Afrânio Mendes , Eunice Aparecida, Ricardo Alexino e Rogério de Almeida, e outros autores (*) | 28/03/2022 13:30

A consolidação da Revolução Tecnológica da Informação aprofundou, por meio de plataformas, a globalização, permitindo ainda mais a constatação das notícias em tempo real. Entre essas notícias, destaca-se o conflito entre a Rússia e a Ucrânia.

Nesse conflito foram constatadas contradições nas relações raciais, revelando inequívoco racismo com a população civil no momento em que esta busca se evadir da guerra. Foi motivo de notícia confirmada na imprensa internacional o caso de populações de origem africana e asiática, incluindo crianças, mulheres e jovens, que têm sido vítimas de discriminação racista, uma vez que foram retiradas dos transportes coletivos que tinham como destino o além-fronteiras da Ucrânia. Tem sido ainda constatado que essa contradição é também reproduzida no acesso às ajudas humanitárias, situações de racismo omitidas por alguns setores da imprensa internacional outros veículos que as replicam em suas coberturas jornalísticas.

Infelizmente, vivemos dias em que os exemplos de como o racismo se estrutura nas práticas sociais e nos imaginários unem a tragédia da guerra na Ucrânia à tragédia do racismo. Nas práticas sociais, foram noticiados casos em que pessoas negras, africanas e seus descendentes, se viram impedidas de usar transportes de pessoas refugiadas da guerra, sendo obrigadas a sair dos meios de transporte e caminhar longas distâncias (25 a 32 km) para dar lugar em ônibus e trens às pessoas brancas.

Foram noticiados dois casos de crianças negras que foram retiradas do ônibus para dar lugar às crianças brancas, e o argumento foi que, por serem negras, seriam mais fortes para enfrentar as intempéries da viagem a pé. As condições de desumanização, sujeitas ao frio, à fome, à insalubridade, à ausência de assistência, foram reservadas para as pessoas negras. O racismo foi noticiado, e líderes de países africanos fizeram apelos humanitários às autoridades ucranianas, e sua evidência estava também nas autoridades polonesas, que negaram ou atrasaram em dias a entrada de refugiados negros. As pessoas que foram discriminadas incluíam indivíduos de classe média/alta, como alguns jogadores brasileiros de futebol que buscavam refúgio e denunciaram, eles mesmos, a discriminação em redes sociais.

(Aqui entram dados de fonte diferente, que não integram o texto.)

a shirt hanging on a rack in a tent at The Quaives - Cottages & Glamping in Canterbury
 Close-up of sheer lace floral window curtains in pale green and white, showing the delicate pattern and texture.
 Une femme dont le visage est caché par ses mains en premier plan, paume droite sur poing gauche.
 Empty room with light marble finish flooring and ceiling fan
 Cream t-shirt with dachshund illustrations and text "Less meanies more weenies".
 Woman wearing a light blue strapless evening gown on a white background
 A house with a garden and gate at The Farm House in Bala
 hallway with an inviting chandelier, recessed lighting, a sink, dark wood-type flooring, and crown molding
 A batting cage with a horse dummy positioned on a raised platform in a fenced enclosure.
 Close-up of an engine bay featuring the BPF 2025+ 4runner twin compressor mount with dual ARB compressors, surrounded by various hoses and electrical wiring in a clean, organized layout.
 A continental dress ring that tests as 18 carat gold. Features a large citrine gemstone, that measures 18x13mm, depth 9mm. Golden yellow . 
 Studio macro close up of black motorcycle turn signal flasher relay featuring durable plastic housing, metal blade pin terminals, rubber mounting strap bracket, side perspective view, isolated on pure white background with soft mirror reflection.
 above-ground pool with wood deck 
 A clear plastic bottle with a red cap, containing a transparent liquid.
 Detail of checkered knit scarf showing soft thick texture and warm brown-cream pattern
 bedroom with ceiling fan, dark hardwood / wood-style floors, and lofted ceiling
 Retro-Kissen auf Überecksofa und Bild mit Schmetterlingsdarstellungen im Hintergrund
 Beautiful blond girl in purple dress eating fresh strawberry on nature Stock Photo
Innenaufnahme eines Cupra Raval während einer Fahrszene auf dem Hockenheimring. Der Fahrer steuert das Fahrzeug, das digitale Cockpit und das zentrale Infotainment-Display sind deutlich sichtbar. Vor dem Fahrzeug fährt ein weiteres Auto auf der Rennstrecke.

No plano simbólico, o racismo mostrou-se estrutural no discurso do jornalismo internacional. Jornalistas de diversas redes tiveram afirmações racistas destacadas e criticadas em redes sociais. O conjunto de afirmações revela uma normatividade branca e europeia que opera com sentidos do racismo que propõe uma “estética ariana”, que compreende que traços de aparência de europeus do Norte são superiores. O fato de as diversas falas ocorrerem em tão múltiplos veículos de comunicação mostra a dimensão de quanto a normatividade branca europeia e os sentidos de superioridade ariana estão arraigados no imaginário, ocorrendo de forma muitas vezes não refletida/reflexiva nos discursos de uma grande multiplicidade de jornalistas e de meios midiáticos. A cobertura midiática orientada pelo racismo discursivo e estruturado nos imaginários sociais, também fica explícita nas marcas discursivas, consoante aos recortes das reportagens: as marcas de aparência (“olhos azuis e cabelos loiros”), de identificação mútua (“se parecem conosco”; “essa gente se parece conosco”); de normatividade de modelo de família europeia (“se parecem a qualquer família europeia que vive ao nosso lado”), de “civilidade europeia” (“cidade europeia”; “cidade civilizada”); de expurgo do outro (“não são refugiados do Oriente Médio ou do norte da África”; “fogos de mísseis de cruzeiro como se estivéssemos em Iraque ou Afeganistão”; “não estamos falando de sírios fugindo… estamos falando de europeus”).

Temos, portanto, exemplos de como a forma de acreditar na superioridade e modelo estético nórdico-europeu, de suposta civilidade europeia, de modelo familiar como formas de superioridade branca-nórdica, em oposição ao outro racializado e inferiorizado.

Diante dessa situação, em que se evidencia o racismo, nós, pesquisadores e pesquisadoras, professoras e professores, chamamos a atenção dos organismos internacionais para que concorram em proveito do fim desse violento e hediondo crime que tem constrangido a comunidade internacional.

(*) Afrânio Mendes Catani, Eunice Aparecida de Jesus Prudente, Ricardo Alexino Ferreira e Rogério de Almeida, professores da USP, e outros autores.